Twilight of the Oligarchs (Dmitry Orlov)

Last week I published a brave prediction: “I see the political elites and their oligarch puppet-masters becoming endangered species in the United States before too long as the populace, including their own bodyguards, turns against them.” As usual, I made no attempt to specify what I mean by “before too long” because making predictions as to timing is a fool’s game. And, as usual, I got a flurry of emails expressing a wide range of rationalizations but all adding up to the same sentiment: “not any time soon.” Some people thought that the populace, consisting as it does of zombified overfed clowns addicted to Facebook and internet porn is unlikely to stage the revolution.

Others thought that the oligarchy will manage to manipulate financial markets, destroy one country after another in order to drain all remaining wealth out of the world and consume it, and by so doing manage to placate the populace with bread and circuses, well into the future. The bodyguards are unlikely to rebel, some said, because they are so well paid. Getting back to basics, it is a fairly obvious and increasingly well-recognized fact that the American empire, the empire of military bases, the Federal Reserve, the IMF and the World Bank, is on its way out. And it is a well-known fact about empires that when they fail those who held positions of power and privilege within them are quickly recycled into punching bags and pincushions. Oddly, nobody mentioned any of the mechanisms by which this transformation tends to take place, so I thought I’d mention them briefly.
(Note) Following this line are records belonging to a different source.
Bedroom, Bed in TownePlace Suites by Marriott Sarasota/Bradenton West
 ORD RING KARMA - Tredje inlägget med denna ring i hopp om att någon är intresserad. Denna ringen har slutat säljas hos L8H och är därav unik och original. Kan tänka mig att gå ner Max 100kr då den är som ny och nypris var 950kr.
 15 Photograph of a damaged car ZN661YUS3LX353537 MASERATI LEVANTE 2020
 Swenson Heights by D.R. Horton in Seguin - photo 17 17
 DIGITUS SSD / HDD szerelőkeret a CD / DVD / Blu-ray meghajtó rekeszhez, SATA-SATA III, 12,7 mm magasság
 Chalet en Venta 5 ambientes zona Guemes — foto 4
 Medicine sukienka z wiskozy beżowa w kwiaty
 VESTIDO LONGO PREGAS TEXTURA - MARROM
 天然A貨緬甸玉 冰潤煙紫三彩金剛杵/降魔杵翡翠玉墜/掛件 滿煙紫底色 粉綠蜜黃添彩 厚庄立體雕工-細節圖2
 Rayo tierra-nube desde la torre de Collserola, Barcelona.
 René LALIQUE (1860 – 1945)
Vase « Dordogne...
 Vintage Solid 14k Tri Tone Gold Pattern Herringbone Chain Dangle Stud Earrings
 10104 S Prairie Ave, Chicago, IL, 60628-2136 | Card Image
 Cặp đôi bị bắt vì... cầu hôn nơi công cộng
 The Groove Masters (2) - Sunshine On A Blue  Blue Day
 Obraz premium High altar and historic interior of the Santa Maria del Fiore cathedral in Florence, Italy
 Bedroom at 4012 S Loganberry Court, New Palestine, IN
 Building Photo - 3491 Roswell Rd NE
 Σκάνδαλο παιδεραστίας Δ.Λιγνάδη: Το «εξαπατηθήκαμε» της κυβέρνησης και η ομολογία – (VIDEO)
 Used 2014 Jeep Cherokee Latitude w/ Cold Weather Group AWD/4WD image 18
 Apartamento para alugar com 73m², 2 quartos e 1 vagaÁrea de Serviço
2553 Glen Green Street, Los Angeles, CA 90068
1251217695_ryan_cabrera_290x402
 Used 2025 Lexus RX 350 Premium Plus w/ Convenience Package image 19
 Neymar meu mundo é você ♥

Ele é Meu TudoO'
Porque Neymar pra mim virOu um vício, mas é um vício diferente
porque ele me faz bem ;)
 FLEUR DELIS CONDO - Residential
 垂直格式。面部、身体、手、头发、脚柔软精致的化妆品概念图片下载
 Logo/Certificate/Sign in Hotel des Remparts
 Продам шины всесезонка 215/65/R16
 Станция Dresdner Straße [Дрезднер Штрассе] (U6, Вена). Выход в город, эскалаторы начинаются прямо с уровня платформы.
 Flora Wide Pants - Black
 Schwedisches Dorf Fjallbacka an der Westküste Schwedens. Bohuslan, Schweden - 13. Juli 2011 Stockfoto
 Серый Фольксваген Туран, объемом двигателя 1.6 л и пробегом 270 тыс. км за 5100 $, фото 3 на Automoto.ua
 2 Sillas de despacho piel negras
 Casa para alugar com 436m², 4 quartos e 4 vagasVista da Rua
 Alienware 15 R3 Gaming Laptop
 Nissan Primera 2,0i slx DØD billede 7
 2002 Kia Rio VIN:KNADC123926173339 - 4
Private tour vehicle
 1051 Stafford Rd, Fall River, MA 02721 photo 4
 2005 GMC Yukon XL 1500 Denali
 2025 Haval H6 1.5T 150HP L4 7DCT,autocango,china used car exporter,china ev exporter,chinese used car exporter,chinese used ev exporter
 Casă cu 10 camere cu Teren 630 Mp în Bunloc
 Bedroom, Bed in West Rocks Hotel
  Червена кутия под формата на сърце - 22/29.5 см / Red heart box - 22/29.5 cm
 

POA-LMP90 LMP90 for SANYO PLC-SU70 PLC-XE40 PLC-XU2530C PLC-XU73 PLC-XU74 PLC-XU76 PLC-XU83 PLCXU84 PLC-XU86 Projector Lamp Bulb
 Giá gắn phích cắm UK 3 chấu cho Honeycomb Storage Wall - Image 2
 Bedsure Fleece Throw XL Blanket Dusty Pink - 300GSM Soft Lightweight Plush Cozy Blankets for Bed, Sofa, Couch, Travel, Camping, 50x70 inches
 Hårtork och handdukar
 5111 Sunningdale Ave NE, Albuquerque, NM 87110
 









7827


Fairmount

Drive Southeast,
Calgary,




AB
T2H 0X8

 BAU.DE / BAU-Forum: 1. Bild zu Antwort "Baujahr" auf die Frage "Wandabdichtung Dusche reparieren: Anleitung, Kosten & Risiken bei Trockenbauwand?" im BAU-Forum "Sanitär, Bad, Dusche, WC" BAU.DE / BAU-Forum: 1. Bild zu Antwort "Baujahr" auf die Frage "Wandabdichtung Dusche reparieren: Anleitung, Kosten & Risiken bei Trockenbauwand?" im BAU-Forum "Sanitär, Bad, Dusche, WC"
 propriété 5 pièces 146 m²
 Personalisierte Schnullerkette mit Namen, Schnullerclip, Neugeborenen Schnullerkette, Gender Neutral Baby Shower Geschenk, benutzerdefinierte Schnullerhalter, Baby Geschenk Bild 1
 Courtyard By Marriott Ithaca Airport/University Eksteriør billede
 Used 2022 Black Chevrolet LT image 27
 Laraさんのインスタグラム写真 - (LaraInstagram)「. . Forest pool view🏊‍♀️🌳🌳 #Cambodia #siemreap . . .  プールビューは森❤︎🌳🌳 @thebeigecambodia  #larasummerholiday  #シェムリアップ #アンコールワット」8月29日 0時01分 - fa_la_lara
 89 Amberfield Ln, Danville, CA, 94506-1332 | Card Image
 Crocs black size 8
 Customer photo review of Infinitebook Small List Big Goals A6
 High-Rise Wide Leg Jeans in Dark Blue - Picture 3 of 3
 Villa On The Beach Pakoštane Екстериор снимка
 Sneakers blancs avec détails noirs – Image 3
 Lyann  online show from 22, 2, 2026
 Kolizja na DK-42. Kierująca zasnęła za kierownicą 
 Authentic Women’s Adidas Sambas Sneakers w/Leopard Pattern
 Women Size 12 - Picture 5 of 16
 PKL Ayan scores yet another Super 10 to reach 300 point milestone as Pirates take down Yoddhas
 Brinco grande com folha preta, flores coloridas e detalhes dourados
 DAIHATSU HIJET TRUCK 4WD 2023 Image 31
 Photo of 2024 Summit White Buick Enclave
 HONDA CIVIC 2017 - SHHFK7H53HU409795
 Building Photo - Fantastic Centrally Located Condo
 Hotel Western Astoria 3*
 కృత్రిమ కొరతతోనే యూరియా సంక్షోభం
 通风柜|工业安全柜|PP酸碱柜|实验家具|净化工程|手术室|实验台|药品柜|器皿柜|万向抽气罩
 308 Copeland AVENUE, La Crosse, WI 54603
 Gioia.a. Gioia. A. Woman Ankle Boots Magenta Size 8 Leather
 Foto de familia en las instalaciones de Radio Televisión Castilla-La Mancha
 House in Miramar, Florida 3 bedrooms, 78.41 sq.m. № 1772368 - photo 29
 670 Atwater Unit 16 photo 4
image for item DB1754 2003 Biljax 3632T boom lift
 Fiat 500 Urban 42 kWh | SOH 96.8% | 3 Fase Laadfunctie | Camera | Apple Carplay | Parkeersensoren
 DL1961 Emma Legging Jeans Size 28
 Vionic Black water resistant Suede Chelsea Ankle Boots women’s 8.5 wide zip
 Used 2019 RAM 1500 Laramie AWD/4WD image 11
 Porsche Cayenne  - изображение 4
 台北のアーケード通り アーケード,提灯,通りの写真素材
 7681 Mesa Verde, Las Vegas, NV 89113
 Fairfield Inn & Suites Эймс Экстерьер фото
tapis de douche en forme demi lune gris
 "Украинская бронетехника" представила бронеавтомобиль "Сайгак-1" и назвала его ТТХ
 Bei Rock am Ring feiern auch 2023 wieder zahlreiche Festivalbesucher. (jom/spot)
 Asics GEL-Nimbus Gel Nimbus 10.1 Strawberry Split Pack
First, when empires start falling apart, this is manifested in a few ways. One is loss of control over the periphery, as a shrinking pool of resources is used to shore up the center. Another is loss of control over the use of violence, as a wide variety of violent entrepreneurs enter the scene and the center is forced to play them against each other and make deals with them. And as the unraveling progresses, the violent entrepreneurs develop agendas of their own, which, inevitably, involve having the cooperation flow the other way: instead of cooperating with those formerly in charge, they demand that those formerly in charge start cooperating with them. And it is here that the scene turns bloody.